- Directed by: Adebayo Tijani; Tope Adebayo;
- Written by: Matthew Mao Adeboye; Bogunmbe Abiola Paul; Adebayo Tijani;
- Produced by: Aisha Lawal
- Starring: Aisha Lawal; Deyemi Okanlawon; Lateef Adedimeji;
- Cinematography: Adeoluwa Owu
- Music by: Tolu Obanro
- Production company: Anthill Studios
- Release date: 17 May 2024;
- Running time: 117 minutes
- Country: Nigeria
- Language: English

= Crossroads (2024 film) =

Crossroads is a 2024 Nigerian drama film directed by Adebayo Tijani and Tope Adebayo.
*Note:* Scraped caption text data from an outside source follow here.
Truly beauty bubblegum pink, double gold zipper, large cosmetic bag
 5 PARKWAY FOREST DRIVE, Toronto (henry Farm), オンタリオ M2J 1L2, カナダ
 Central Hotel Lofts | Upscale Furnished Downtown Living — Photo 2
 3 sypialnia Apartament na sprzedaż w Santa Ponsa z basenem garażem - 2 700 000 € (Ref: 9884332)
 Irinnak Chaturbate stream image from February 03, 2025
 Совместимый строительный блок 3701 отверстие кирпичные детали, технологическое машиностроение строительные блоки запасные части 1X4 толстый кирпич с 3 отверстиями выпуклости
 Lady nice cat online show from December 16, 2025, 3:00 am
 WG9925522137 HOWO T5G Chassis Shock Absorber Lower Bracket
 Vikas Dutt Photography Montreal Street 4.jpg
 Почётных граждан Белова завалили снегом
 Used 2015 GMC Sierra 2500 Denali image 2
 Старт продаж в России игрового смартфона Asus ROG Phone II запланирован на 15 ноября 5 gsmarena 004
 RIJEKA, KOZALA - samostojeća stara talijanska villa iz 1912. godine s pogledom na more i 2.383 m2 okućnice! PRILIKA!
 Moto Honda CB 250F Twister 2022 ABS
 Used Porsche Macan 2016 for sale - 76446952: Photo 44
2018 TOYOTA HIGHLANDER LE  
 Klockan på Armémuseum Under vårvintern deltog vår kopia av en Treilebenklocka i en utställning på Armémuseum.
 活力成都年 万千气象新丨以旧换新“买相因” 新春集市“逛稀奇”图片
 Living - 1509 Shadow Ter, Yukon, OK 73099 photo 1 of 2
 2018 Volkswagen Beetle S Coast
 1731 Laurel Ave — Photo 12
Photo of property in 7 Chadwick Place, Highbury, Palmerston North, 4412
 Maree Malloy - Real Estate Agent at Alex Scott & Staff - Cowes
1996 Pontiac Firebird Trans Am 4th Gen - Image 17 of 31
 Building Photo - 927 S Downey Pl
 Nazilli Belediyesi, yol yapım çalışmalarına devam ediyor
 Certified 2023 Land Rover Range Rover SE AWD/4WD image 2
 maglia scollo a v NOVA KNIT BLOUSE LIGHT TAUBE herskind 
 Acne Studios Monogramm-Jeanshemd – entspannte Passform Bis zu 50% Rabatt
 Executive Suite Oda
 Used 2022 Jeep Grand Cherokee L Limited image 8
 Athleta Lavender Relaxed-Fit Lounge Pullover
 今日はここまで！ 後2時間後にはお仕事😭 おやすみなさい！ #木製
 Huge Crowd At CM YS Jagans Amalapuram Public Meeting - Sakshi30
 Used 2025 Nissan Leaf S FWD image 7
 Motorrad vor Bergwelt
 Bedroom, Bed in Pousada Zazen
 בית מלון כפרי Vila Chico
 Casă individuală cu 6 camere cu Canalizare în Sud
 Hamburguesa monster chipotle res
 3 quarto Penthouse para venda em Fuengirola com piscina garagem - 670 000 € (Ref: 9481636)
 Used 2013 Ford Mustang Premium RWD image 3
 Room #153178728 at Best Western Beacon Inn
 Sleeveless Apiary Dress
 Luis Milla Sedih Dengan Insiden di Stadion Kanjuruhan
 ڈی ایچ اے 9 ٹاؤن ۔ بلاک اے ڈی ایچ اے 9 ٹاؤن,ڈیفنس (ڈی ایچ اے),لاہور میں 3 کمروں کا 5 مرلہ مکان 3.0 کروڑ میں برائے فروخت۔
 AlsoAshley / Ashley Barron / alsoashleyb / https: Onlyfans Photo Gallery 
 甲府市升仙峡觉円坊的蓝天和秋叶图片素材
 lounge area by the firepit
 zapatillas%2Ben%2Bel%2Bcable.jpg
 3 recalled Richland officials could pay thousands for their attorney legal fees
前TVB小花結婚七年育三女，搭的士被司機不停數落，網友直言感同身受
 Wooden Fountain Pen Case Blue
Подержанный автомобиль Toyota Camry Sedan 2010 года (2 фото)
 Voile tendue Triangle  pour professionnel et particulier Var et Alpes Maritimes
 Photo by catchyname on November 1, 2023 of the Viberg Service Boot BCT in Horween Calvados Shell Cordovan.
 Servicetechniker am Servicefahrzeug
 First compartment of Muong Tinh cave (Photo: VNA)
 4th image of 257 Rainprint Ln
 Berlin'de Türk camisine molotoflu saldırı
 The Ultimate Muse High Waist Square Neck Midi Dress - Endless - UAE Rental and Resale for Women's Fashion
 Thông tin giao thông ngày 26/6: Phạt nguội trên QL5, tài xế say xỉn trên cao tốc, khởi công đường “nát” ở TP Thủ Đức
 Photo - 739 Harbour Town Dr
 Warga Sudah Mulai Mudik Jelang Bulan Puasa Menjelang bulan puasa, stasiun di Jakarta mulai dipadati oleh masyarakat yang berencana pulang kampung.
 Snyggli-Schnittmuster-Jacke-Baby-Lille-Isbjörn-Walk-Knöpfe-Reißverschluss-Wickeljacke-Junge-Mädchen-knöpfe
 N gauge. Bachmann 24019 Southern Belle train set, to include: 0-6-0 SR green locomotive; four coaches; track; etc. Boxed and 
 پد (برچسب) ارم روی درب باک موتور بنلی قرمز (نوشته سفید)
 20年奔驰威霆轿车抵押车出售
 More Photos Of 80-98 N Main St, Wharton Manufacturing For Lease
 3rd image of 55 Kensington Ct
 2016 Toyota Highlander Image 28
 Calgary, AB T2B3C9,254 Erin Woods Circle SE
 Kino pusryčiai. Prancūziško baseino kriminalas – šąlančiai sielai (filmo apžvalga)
Set in the 1990s, it portrays the complexities of university life through the intertwined experiences of Eriola (Aisha Lawal), Oyekan (Deyemi Okanlawon), and Fela (Lateef Adedimeji).

== Background ==
The narrative follows Eriola as she struggles with familial expectations while navigating the challenges Oyekan's gang activities pose. False accusations further complicate her journey, but with the support of her friends, Eriola confronts these obstacles. The story intensifies as Don Smart, a looming threat, targets Eriola, prompting Fela to step in and protect her, culminating in emotional and dramatic confrontations. The film premiered on Amazon Prime Video on 17 May 2024.

== Synopsis ==
Set in 1990s Nigeria, Crossroads follows the lives of three university students, Eriola, Oyekan, and Fela, as they navigate personal and social challenges. Eriola is caught between family expectations and the turmoil caused by Oyekan's gang. When false accusations threaten her future, she relies on her friends for support. As tensions escalate, Don Smart emerges as a menacing figure, targeting Eriola and forcing Fela to step in as her protector.